# Frecuencias de crossover y Potencias para sistema de audio bi o tri amplificado.



## EzEkieL (Jun 19, 2009)

Hola gente forera.

Desde muy chico tengo todas las ganas de hacerme un amplificador tri-amplificado. 
Leyendo, por alguna que otra pagina, me topo con información ya muy fina, pero que a su vez muy escencial: "Psicoacustica". Un pequeño resumen de lo que me llamo la atención, es la sensibilidad del oido humano ante las frecuencias. Investigando en el proyecto que me embarque, me encuentro con la falta de experiencia, y por eso acudo a este lugar.

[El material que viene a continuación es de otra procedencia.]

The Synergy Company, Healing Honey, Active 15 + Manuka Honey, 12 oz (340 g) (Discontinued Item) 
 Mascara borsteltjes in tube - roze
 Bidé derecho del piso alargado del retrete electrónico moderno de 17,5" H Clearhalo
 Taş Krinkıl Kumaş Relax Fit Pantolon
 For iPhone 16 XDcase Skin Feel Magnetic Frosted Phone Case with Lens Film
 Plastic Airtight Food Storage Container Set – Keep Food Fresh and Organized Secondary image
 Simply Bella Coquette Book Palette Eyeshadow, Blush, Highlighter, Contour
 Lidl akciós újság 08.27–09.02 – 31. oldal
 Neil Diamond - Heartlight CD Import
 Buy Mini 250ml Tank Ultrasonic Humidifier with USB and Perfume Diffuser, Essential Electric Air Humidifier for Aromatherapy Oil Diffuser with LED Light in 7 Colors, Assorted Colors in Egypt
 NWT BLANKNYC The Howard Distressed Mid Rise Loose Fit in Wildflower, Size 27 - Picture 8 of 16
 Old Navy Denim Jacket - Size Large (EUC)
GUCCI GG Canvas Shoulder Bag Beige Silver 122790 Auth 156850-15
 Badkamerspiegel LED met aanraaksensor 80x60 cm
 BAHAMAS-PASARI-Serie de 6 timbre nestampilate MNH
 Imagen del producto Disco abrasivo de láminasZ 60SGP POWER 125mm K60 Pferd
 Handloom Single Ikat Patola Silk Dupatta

Necesito que me recomenden frecuencias de crossover y las relaciones de potencias entre los amplificador para poder realizar un amplificador Tri-Amplificado.

Ej:
_____________________
   Potencias:

graves- 5
medios- 2
agudos- 3
_____________________
   Frecuencias de corte:

graves < 100HZ
100Hz < medios < 2,5KHz
2,5KHz < Agudos
_____________________

Esto se me ocurre a mi por intuicion, pero me gustaria algo un poco mas fundamentado. Si solo es por experiencia, tal vez sea mejor bienvenida, pero todo aporte ayuda. =)

Muchisimas gracias.
EzEkieL


----------



## Cacho (Jun 19, 2009)

Cambié tu tema de sección.

Saludos


----------